5.2 Comparison with Other Models

We have compared rnn-surv with the two traditional Survival Analysis models, CPH and Aalen Additive Hazards model (AAH) [1], and with three recent models that try to conjugate Machine Learning with Survival Analysis: rfs [11], deep-surv [13] and mtlsa [17]. Both CPH and AAH have been implemented using the lifelines package⁴, while we deployed the randomForestSRC package⁵ for rfs, the deepsurv package⁶ for deep-surv and the mtlsa package⁷ for mtlsa. The results shown in Table 3 are obtained using k-fold cross validation (with \(k = 5\)). As it can be seen from the table, rnn-surv outperforms the other models in all the datasets. In particular, the biggest improvements are obtained with respect to mtlsa, with a peak of 28.4% on the FLCHAIN dataset.

Table 3. Performances, in terms of C-index, of rnn-surv, CPH, AAH, deep-surv, rfs and mtlsa together with the 95% confidence interval for the mean C-index. The * indicates a p-value \(< 0.05\) while ** \(<0.01\).

5.3 Estimating the Survival Curves

To further demonstrate the good results obtained by rnn-surv, in Fig. 2 we show some of the survival curves obtained in largest dataset available, the UNOS Transplant dataset.
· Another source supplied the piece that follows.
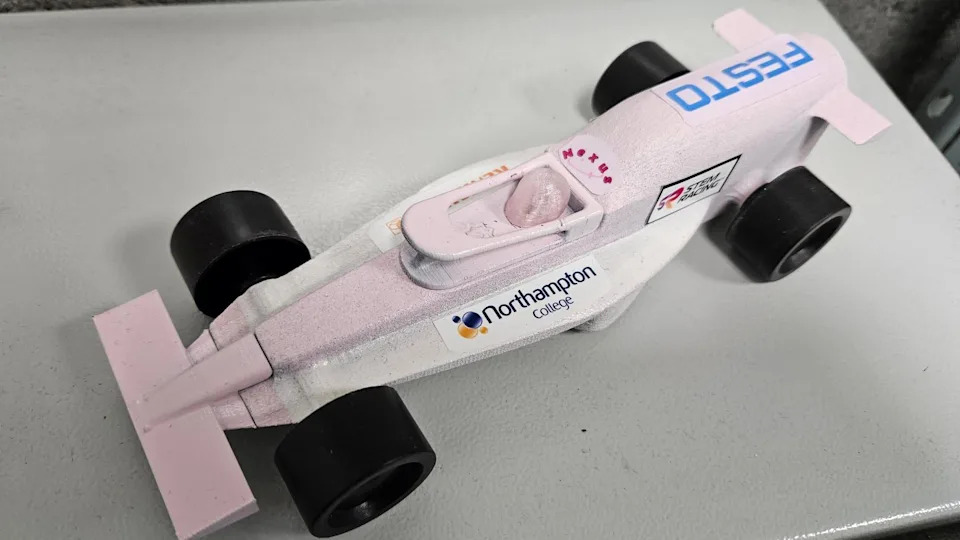A pink and white miniature F1-style car with "Northampton College" branding on the side.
Figure 2 shows that our model is able to capture the average trend of the survival curves, both for the whole population and for subsets of it. Further, rnn-surv demonstrates to have a great discriminative power: it is able to plot a unique survival function for each patient and, as it is shown in Fig. 2(c), the survival curves can be very different one from another and from the average survival curve.

Fig. 2.

Performances of rnn-surv on UNOS Transplant dataset on a 36 months horizon on the test set. (a) average Survival Function obtained with rnn-surv and Kaplan-Meier curve [12]. (b) average Survival Functions obtained with rnn-surv and Kaplan-Meier curves for two subgroups of patients: patients who experienced an infection and patients who did not. (c) Kaplan-Meier curve together with the survival curves of two different patients (P1: Patient 1, P2: Patient 2).

5.4 Analysis of the Model

We now analyze how the different main components of rnn-surv contribute to its good performances. In particular, we consider the model without the three main features of the model:

1. 1.

   We first consider the case in which we do not have the feedforward layers, i.e., with \(N_1 = 0\);

2. 2.

   Then the case in which the interval identifier k as input to the feedforward layer is always set to 1;

3. 3.

   Finally the case in which the model has only one likelihood, i.e., \(\mathcal {L}_2\).
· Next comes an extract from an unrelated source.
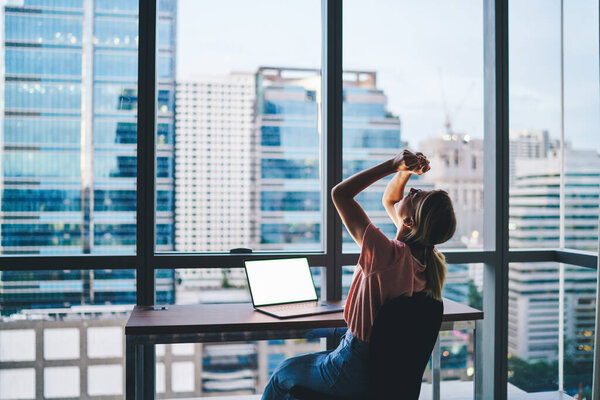 Вид сбоку на молодую работницу в повседневной одежде, сидящую за столом с ноутбуком, смотрящую вверх и сжимающую руки в кулаки во время празднования успеха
The C-index of the various versions and of the complete model on the different datasets are shown in Table 4. In the Table the best results are in bold, while the worst results are underlined. As it can be seen, the best performances are always obtained by the complete model, meaning that all the different components have a positive contribution. Interestingly, the worst performances are obtained when we disable the \(\mathcal {L}_1\) score on the large datasets and the feedforward layers in the small ones. The explanation for the very positive contribution of using both the \(\mathcal {L}_1\) and \(\mathcal {L}_2\) scores on the two large datasets is that \(\mathcal {L}_1\) allows to take into account the intermediate performances of the network when computing \(\hat{y}^{(1)}_i,\ldots ,\hat{y}^{(K)}_i\). On the other hand, for the small datasets, the positive contribution of using the two scores is superseded by the feedforward layers and this can be explained by the characteristics of the datasets presenting a majority of discrete features.
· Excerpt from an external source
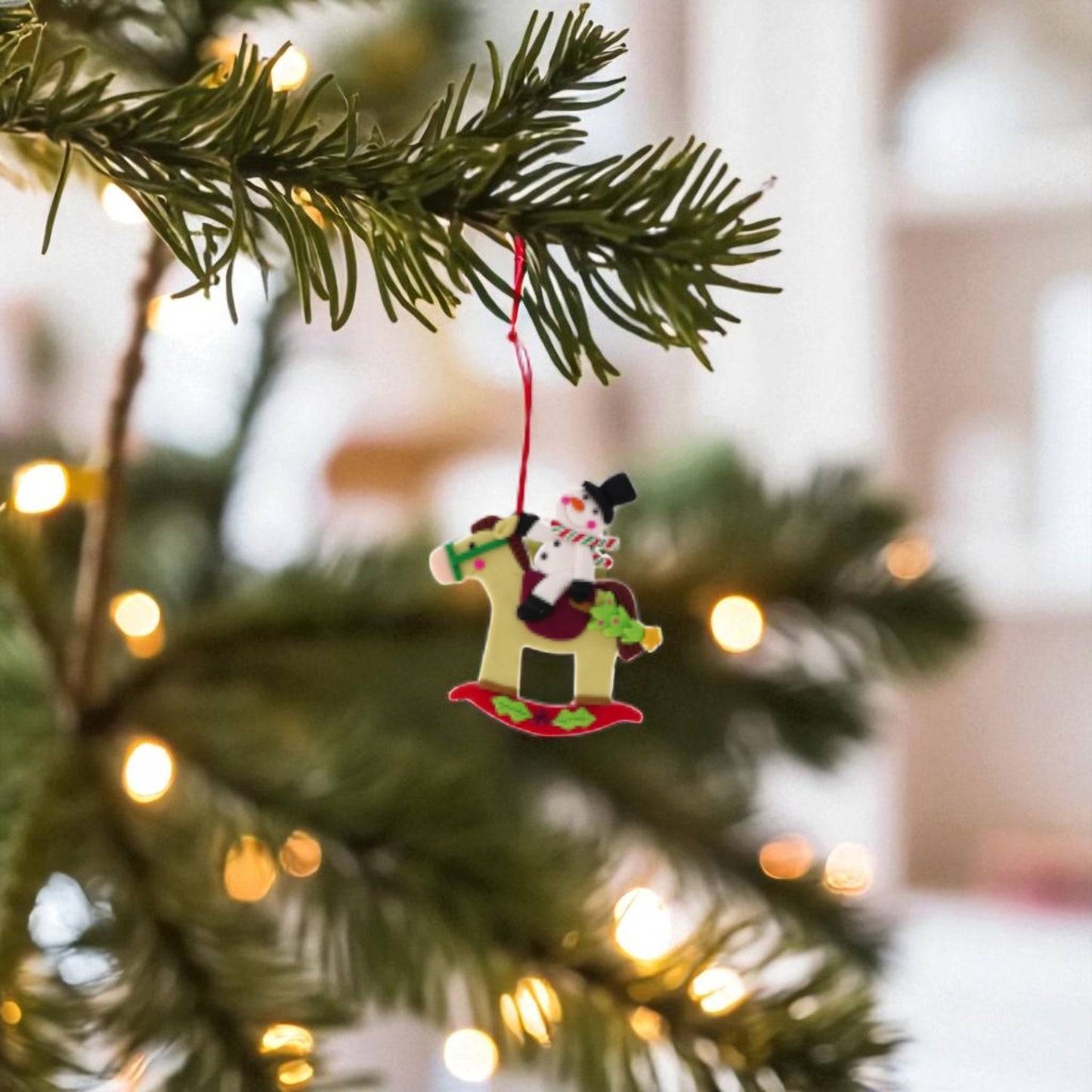 decorazione di natale con cavallo e pupazzo di neve appeso ad un ramo di albero di natale, con sfondo natalizio in una casa calda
Table 4. Performances, in terms of C-index, of the complete model compared with its incomplete versions.

6 Conclusions

In this paper we have presented rnn-surv: a new recurrent neural network model for predicting a personalized risk score and survival probability function for each patient in presence of censored data. The proposed model has three main distinguishing features, each having a positive impact on the performances on two large and three small, publicly available datasets. Our experiments show that rnn-surv always performs much better than competing approaches when considering the C-index, improving the state of the art up to 28.4%.